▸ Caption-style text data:
::::

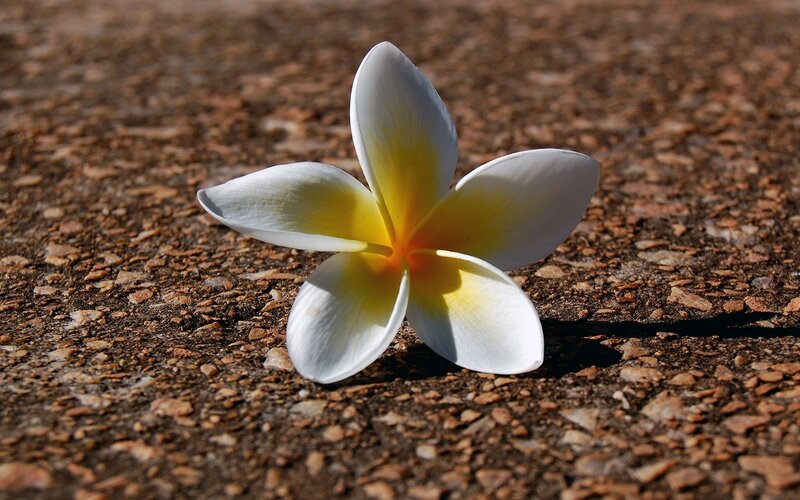 white frangipani flower on ground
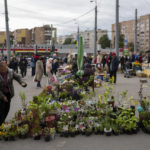 
              People shop plants in a street market in Kharkiv, Ukraine, Sunday, May 22, 2022. (AP Photo/Bernat Armangue)
            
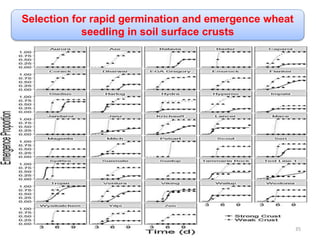 Selection for rapid germination and emergence wheat
seedling in soil surface crusts
35
 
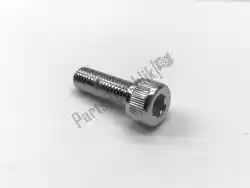 Here you can order the bolt from Suzuki, with part number 0713008257:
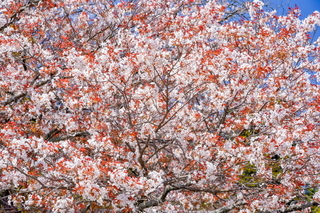 kariyadosakura2019c.jpg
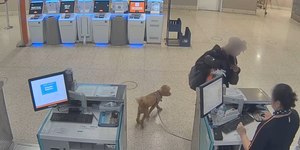 Mulher é presa após abandonar cachorro no check-in de aeroporto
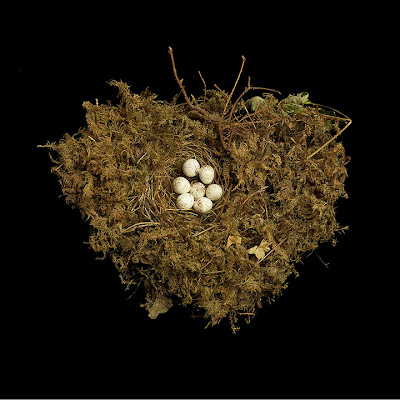 Birds Nests Photography by Sharon Beals Seen On www.coolpicturegallery.us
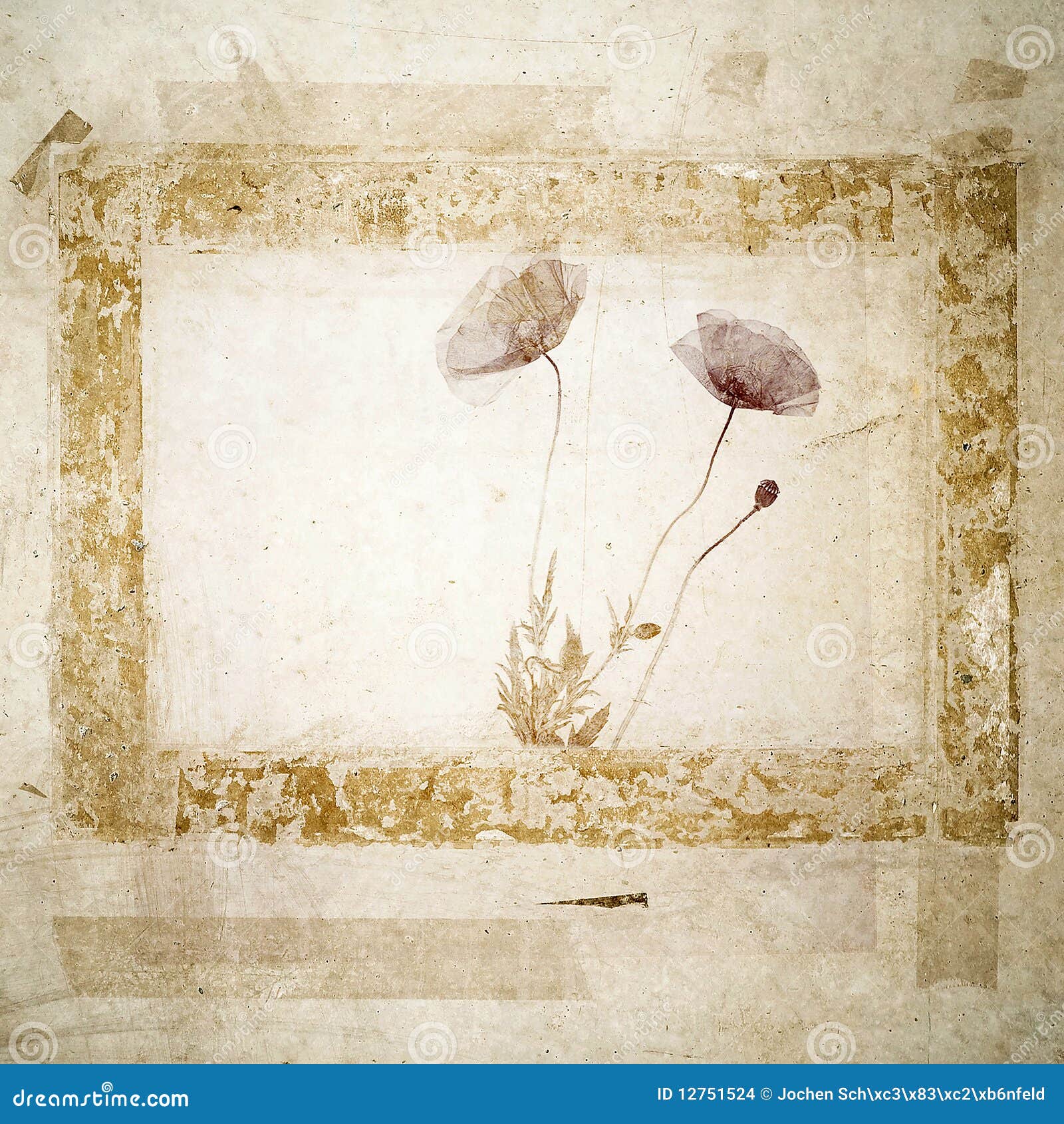 grunge background with poppy blossoms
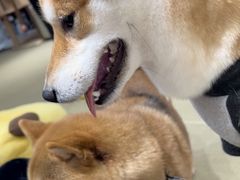 -逗柴咖啡屋·狗咖猫咖宠物桌游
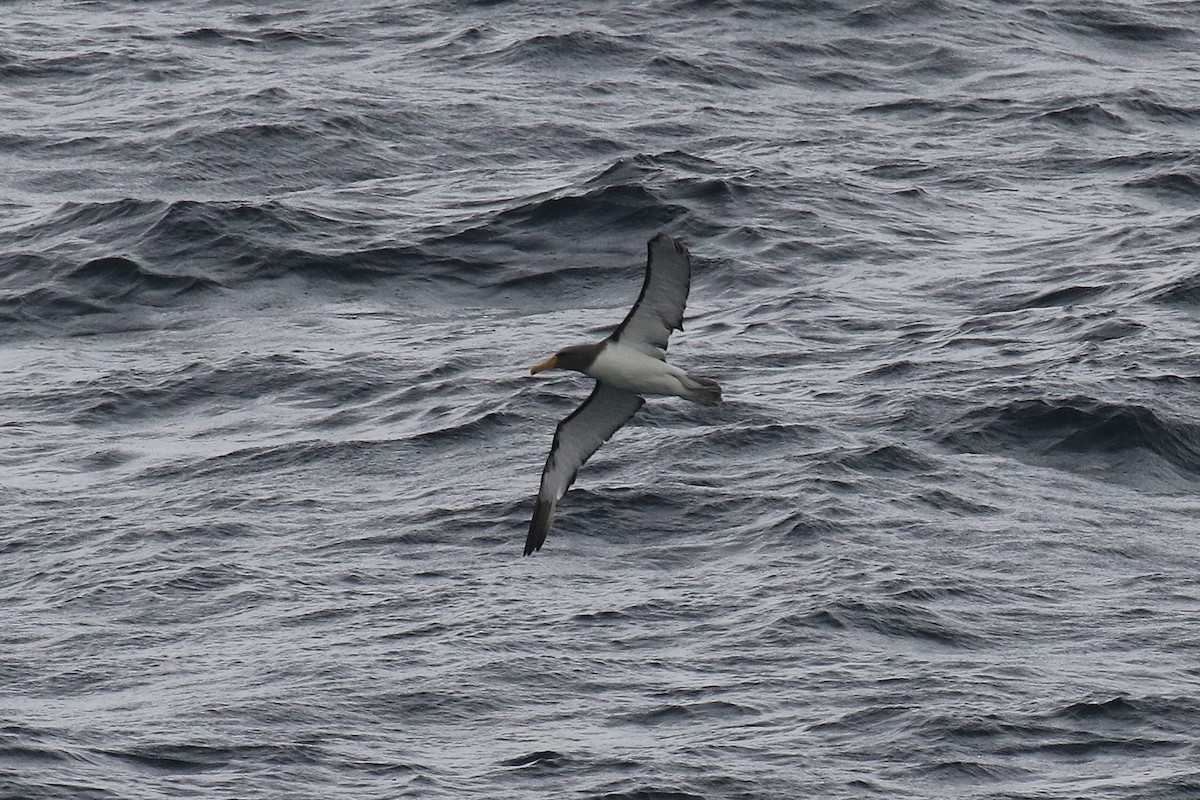Chatham Albatross - ML92834901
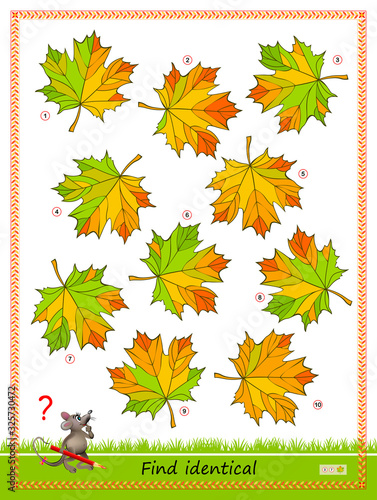 Logic puzzle game for children and adults. Find two identical leaves. Printable page for kids brain teaser book. Developing spatial thinking skills. IQ training test. Flat vector cartoon image.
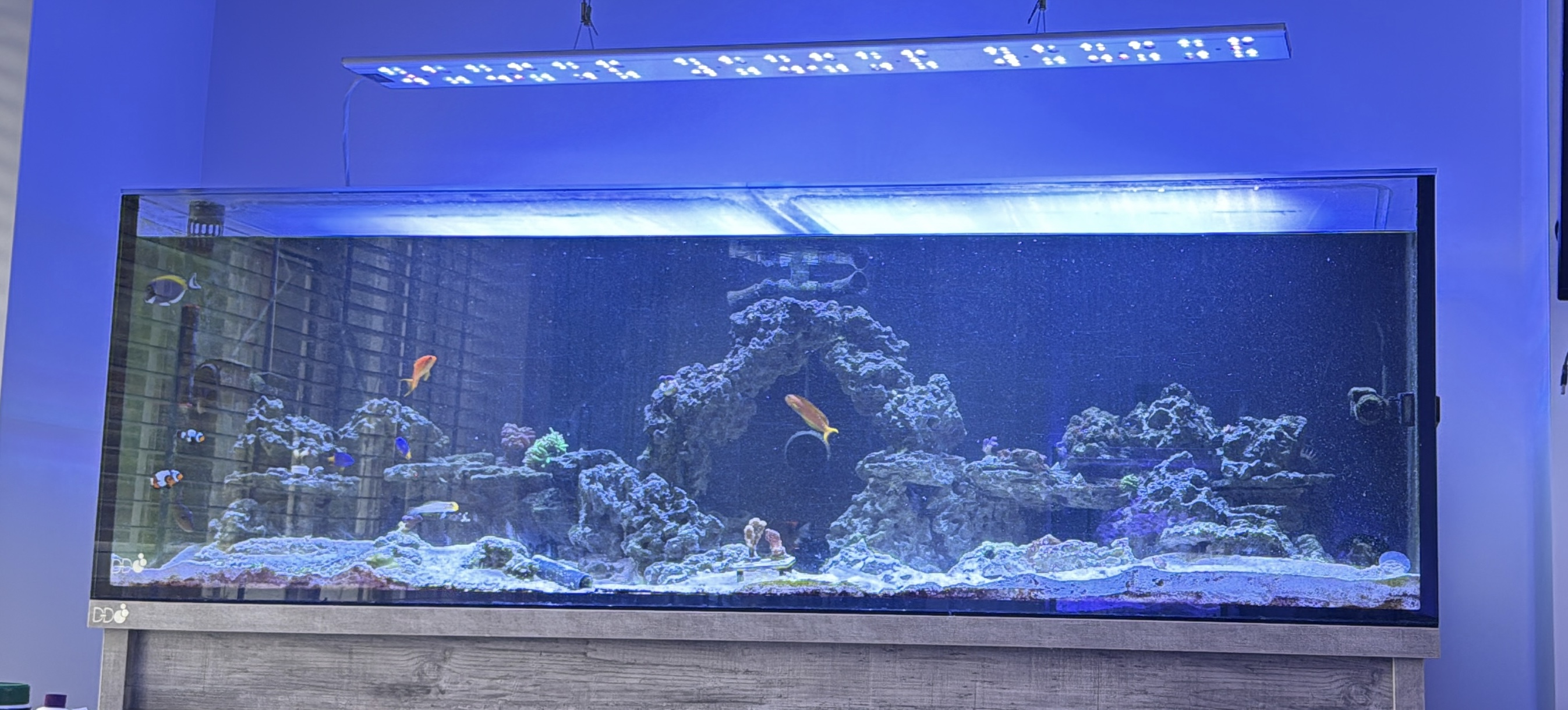 Reef aquarium progress photo in the upcoming MyReefPal app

::::

▸ What needs to be done: Begin with the line that contains "-逗柴咖啡屋·狗咖猫咖宠物桌游" and repeat every line through the end of the data, exactly and only those lines, leaving out the pictures.

▸ Answer section:
 -逗柴咖啡屋·狗咖猫咖宠物桌游
Chatham Albatross - ML92834901
 Logic puzzle game for children and adults. Find two identical leaves. Printable page for kids brain teaser book. Developing spatial thinking skills. IQ training test. Flat vector cartoon image.
 Reef aquarium progress photo in the upcoming MyReefPal app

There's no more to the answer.